#### Stored data:
[Start of section]

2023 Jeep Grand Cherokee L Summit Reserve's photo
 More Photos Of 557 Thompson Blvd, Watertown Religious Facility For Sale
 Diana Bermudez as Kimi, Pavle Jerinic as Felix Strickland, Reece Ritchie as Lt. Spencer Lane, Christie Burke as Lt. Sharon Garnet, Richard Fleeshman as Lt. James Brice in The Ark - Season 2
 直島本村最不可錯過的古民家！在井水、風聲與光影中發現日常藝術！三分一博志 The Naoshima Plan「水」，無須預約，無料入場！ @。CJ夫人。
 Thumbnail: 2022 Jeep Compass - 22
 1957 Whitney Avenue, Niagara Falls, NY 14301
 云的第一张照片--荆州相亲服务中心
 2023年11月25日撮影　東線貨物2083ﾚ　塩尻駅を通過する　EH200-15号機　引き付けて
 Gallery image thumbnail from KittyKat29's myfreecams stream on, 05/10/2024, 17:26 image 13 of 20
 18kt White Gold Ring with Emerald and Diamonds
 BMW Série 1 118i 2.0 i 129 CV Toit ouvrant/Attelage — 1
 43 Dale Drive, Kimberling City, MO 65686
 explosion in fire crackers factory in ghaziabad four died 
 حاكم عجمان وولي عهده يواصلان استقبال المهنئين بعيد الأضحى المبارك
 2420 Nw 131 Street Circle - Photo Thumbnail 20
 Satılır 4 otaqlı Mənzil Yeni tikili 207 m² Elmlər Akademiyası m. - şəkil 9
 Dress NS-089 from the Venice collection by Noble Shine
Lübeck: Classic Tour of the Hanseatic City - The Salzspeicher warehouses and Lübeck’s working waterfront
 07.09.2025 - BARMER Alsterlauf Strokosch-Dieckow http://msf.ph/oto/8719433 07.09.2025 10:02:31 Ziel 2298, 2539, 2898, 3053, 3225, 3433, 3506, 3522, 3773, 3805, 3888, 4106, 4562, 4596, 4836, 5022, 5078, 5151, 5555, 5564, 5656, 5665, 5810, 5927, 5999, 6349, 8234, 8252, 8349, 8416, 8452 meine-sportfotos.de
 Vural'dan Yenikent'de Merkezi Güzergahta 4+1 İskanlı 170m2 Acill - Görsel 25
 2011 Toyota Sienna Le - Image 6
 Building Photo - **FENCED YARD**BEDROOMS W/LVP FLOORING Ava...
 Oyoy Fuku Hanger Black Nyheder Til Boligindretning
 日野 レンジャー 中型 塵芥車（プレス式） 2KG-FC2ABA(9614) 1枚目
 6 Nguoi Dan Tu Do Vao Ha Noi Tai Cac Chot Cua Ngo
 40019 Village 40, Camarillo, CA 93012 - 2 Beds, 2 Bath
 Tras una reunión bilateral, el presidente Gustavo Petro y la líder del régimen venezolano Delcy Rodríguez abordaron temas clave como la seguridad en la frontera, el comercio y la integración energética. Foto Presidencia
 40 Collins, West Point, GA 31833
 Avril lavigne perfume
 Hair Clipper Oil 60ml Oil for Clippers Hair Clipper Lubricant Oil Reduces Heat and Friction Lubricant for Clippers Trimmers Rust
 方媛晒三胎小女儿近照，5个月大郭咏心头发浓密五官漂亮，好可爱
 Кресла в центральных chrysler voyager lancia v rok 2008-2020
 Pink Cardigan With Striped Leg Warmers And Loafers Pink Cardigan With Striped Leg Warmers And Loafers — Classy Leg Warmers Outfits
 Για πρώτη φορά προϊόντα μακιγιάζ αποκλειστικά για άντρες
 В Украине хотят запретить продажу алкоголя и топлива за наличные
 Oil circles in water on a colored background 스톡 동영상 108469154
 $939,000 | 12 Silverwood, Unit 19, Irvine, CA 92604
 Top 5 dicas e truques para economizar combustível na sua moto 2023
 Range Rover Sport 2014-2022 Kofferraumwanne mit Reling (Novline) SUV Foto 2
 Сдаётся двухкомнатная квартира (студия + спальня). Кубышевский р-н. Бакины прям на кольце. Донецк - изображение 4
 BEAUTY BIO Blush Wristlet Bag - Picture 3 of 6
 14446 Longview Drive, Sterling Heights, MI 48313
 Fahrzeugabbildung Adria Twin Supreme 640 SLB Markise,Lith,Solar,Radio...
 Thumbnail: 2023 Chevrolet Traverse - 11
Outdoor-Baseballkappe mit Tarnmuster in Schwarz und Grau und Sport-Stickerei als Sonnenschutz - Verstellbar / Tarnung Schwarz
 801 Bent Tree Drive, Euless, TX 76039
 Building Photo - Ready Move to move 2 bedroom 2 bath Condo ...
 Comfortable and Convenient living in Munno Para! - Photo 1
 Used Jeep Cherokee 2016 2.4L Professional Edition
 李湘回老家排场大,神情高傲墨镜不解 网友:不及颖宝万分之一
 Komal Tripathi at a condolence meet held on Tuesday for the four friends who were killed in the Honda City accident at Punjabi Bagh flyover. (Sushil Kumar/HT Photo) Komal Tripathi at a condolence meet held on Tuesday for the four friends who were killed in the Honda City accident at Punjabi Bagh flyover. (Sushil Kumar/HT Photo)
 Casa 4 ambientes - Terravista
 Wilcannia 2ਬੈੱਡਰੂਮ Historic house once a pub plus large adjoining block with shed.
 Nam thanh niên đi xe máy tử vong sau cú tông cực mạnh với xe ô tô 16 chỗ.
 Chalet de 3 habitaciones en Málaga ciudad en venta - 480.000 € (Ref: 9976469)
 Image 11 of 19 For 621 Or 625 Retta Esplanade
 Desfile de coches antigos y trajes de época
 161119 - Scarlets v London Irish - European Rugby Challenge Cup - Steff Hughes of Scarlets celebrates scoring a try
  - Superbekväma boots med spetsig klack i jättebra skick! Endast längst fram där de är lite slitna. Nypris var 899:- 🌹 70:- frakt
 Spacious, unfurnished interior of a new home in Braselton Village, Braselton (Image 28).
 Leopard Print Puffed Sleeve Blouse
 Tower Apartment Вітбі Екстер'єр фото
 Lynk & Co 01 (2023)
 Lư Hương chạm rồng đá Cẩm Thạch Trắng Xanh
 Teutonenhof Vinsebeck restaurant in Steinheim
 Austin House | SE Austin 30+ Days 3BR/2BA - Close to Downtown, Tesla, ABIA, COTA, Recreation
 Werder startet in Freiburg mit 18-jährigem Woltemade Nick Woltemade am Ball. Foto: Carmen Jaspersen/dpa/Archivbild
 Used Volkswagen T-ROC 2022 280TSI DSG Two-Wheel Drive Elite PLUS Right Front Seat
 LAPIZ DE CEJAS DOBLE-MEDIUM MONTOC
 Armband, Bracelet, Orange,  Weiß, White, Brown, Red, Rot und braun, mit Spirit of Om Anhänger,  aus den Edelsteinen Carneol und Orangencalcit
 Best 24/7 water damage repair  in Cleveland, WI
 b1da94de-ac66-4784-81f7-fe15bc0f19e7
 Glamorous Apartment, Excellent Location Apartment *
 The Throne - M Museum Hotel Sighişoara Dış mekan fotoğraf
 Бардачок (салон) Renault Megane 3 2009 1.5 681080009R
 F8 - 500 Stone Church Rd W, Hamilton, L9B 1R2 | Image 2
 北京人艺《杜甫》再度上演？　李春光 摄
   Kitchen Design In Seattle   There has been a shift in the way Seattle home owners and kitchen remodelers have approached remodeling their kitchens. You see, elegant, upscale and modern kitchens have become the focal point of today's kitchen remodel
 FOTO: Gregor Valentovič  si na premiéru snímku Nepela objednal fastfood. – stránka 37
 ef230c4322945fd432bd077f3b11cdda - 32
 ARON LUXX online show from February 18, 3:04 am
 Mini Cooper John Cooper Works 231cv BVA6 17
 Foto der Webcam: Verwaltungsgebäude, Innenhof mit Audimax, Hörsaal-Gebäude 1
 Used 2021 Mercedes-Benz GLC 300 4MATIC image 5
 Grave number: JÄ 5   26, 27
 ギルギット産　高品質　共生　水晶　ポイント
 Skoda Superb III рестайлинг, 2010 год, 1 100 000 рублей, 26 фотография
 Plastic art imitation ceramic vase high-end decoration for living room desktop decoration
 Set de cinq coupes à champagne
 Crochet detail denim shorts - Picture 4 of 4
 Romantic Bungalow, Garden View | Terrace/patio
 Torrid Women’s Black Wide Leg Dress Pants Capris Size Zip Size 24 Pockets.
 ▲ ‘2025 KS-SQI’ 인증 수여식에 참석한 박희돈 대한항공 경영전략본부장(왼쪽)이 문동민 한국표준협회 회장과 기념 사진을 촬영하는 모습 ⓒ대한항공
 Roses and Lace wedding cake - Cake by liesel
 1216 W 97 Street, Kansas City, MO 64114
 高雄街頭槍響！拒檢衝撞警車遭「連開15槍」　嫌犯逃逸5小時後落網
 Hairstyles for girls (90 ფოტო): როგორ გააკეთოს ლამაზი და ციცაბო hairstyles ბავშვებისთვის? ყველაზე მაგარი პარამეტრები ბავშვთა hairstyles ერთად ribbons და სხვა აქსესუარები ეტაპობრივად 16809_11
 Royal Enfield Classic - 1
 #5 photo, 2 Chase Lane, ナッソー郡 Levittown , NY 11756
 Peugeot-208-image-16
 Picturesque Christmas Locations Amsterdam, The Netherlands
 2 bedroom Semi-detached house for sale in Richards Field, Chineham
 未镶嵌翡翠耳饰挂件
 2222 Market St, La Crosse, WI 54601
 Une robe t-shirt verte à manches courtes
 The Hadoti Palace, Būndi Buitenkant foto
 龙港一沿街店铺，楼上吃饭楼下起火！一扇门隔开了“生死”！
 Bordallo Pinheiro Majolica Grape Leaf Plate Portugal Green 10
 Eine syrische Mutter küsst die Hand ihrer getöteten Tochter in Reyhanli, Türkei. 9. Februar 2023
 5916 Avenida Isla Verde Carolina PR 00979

[End of section]

Gather from the records above every line containing the string "White".

#### Exercise output:
 18kt White Gold Ring with Emerald and Diamonds
 Armband, Bracelet, Orange,  Weiß, White, Brown, Red, Rot und braun, mit Spirit of Om Anhänger,  aus den Edelsteinen Carneol und Orangencalcit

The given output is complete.